Infinite sum help (geometric series)

[TheMightyJ]

Homework Statement

Well, the original question is to solve this ...

\sum 1/(a² + x²)

the sum goes from x=-infinity to infinity (i wasnt sure how to show this with the latex??)

and the answer i am supposed to show is \pi/a + (2*\pi/a) * (1/(e^2*\pi*a - 1)

Homework Equations

So, using Poisson resummation and some results from previous exercises, i get the new problem to being

\sum (\pi/a) * (e^-2*\pi*a*|v|)

the sum now from v=-infinity to infinity

The Attempt at a Solution

so i can split this into three.

the easy bit is to take the v=o part, this gives me the \pi/a required in the answer.

then i have two parts, the sum with v=1 to infinity and the sum with v=-infinity to -1

these two parts are identical, due to the |v|.

so i have 2*\sum (\pi/a) * (e^-2*\pi*a*|v|)

i can take the 2*\pi/a outside of the sum, as it has no v element.

so now i am left having to show that

\sum (e^-2*\pi*a*|v|) = (1/(e^2*\pi*a - 1)

which, i realize is just a (i think) simple geometric series sum ... and yet I am not sure how to show these two equate?

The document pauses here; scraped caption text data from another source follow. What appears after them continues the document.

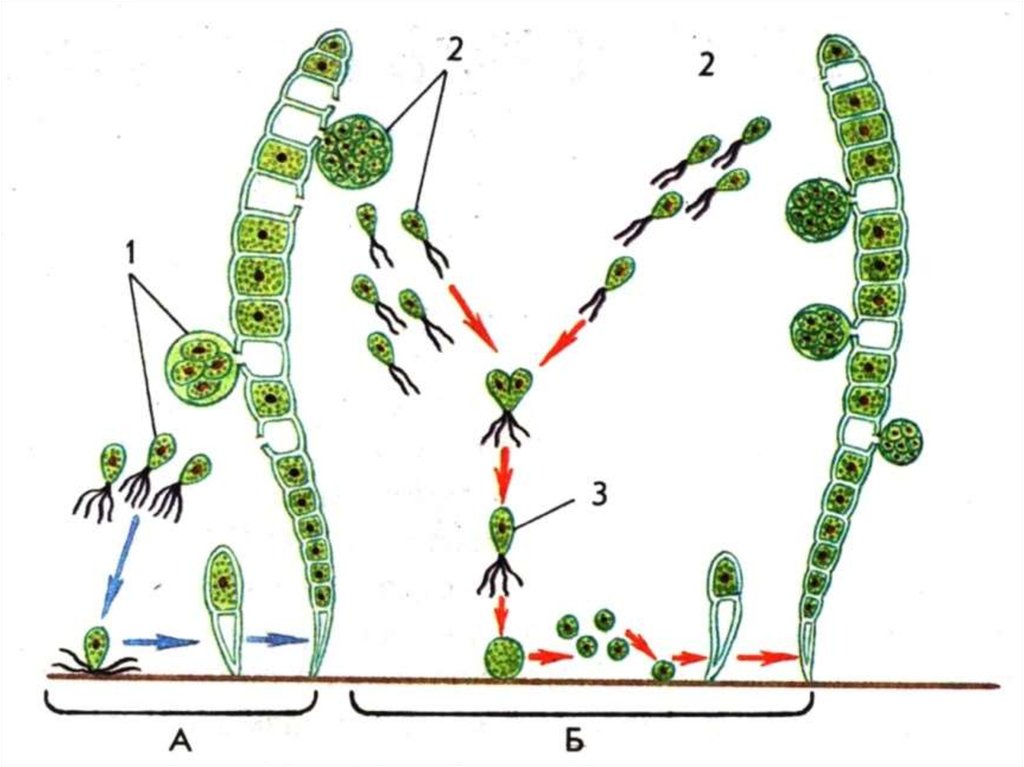 Размножение и развитие низших растений. Цикл развития водоросли улотрикс. Улотрикс размножение схема. Размножение водорослей улотрикс. Улотрикс жизненный цикл.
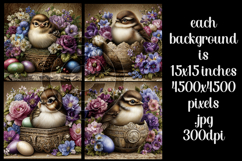 Easter Background, Easter Card, Easter Chick Backgrounds, s2 Product Image 2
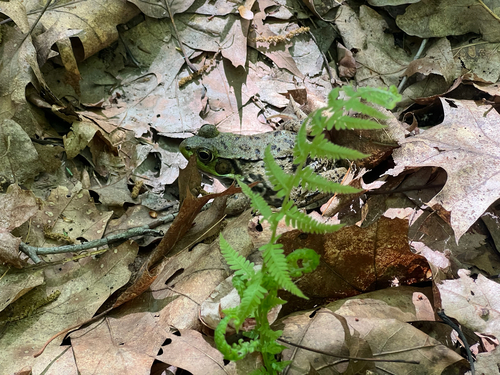 Green Frog
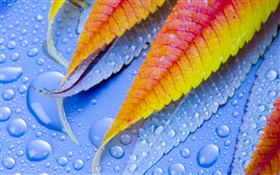 葉與水滴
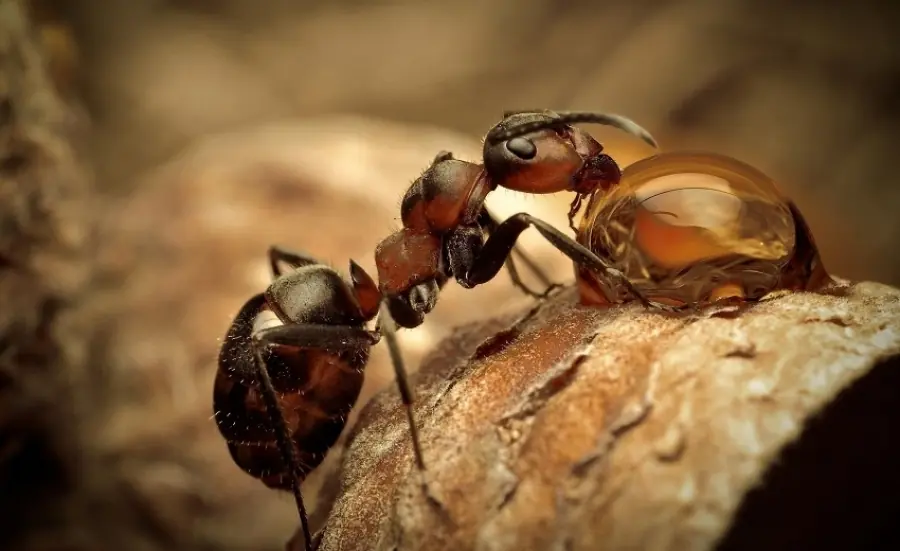 18 Datos Curiosos y Entretenidos sobre el Sexo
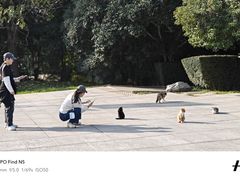 -秦始皇帝陵博物院-丽山园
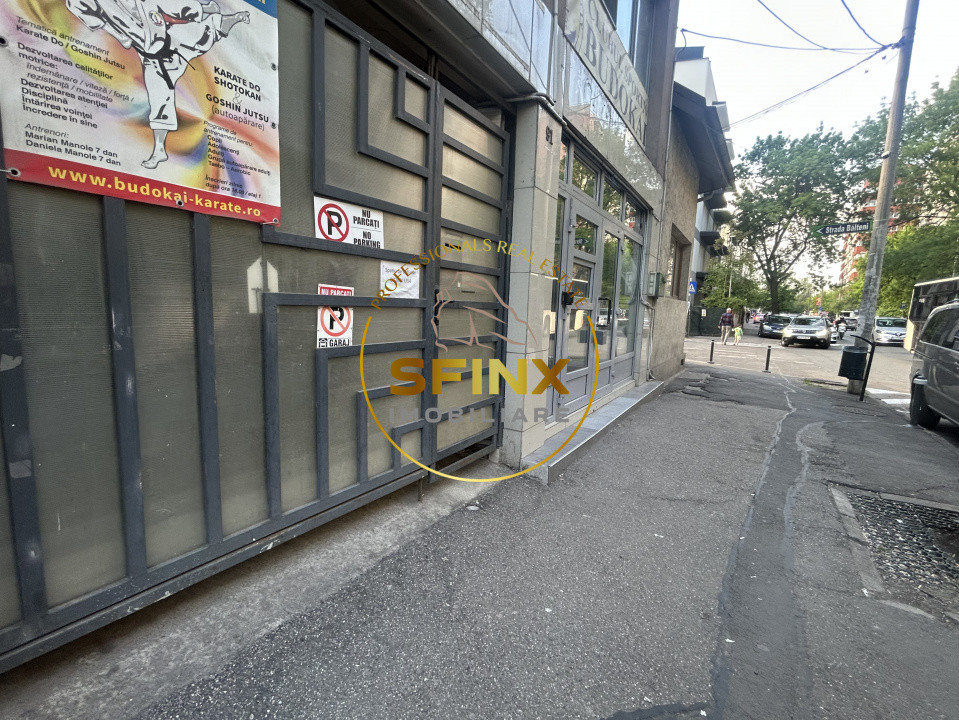 Sp comercial | Teiul Doamnei | 51mp | Disponibil Imediat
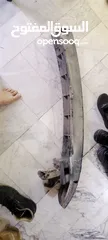  6 قطع افانتي نيو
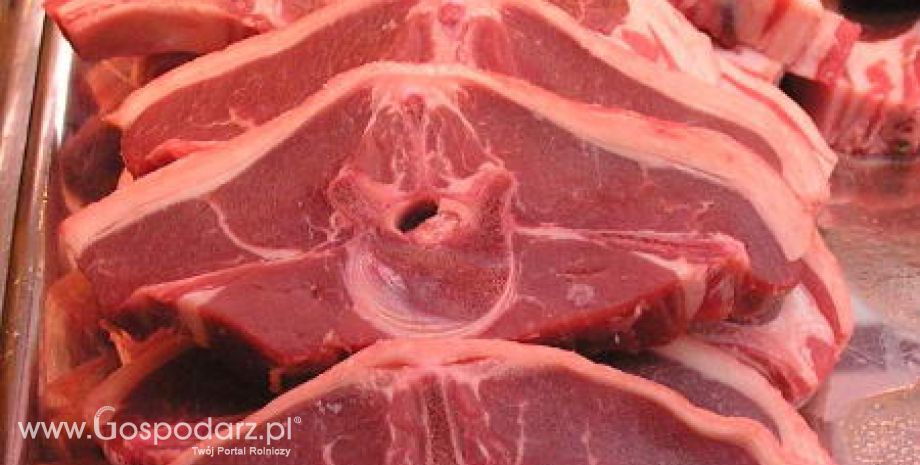 Ukraina – Wzrost importu mięsa
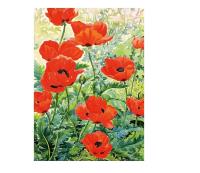 Opakowanie Karnet B6 z kopertą La Mer Trois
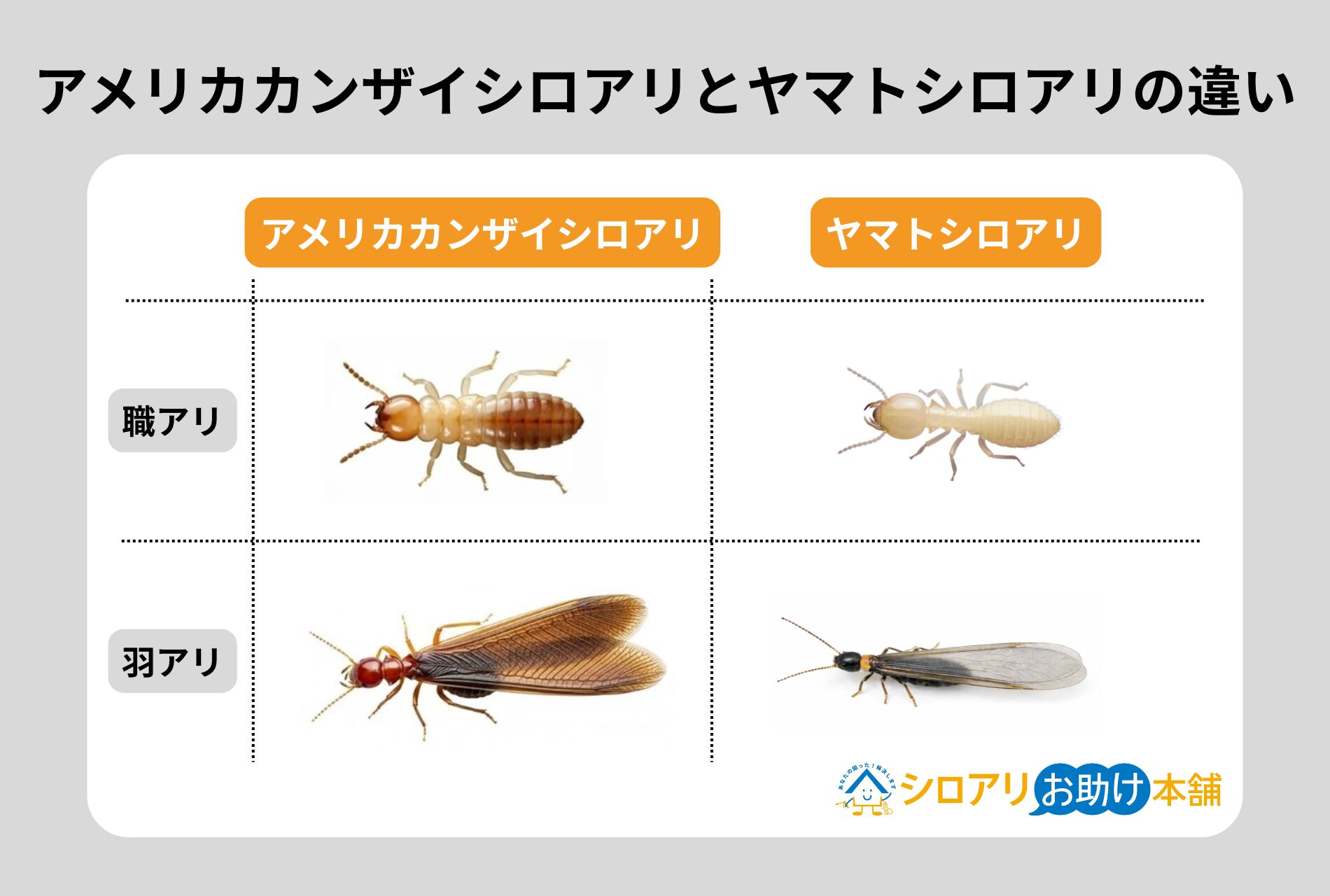 アメリカカンザイシロアリとヤマトシロアリの違い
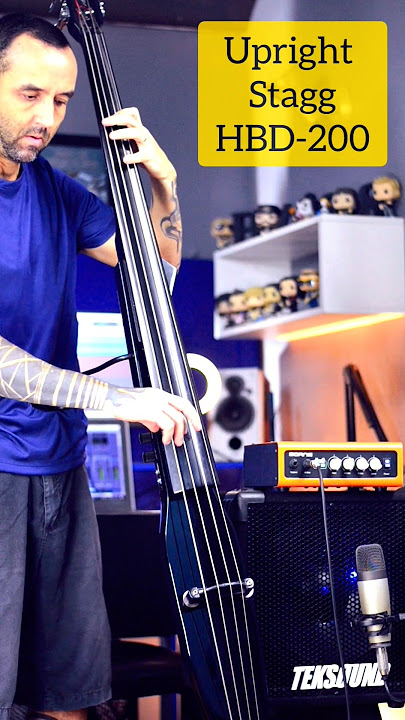Stagg Upright Bass HDB-200 #2   Cabeçote Borne Nano Pro  150   Caixa Teksound 1x12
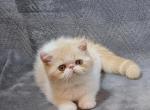Exotic Shorthair Kittens Profile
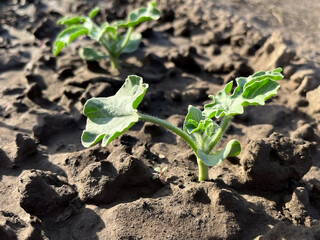 sprouts of watermelon grow in the ground in a vegetable garden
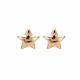 Серьги-гвоздики со звездами для женщин EJEW-S213-03A-01G-RS-1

any help would be brilliant, thank you.

 

[Dick]

The sum from 0 to infinity is 1/(1-exp(-2*pi*a)), geometric series, right? So the sum from 1 to infinity is [1/(1-exp(-2*pi*a))]-1. Do some algebra including multiply numerator and denominator by exp(2*pi*a).

 

[tiny-tim]

Hi TheMightyJ!

(have a pi: π and an infinity: ∞ and a sigma: ∑ )

With LaTeX, it's \sum_{-\infty}^{\infty}, and without, it's just ∑_-∞^∞

 

[TheMightyJ]

Thanks to both of you :0) much appreciated.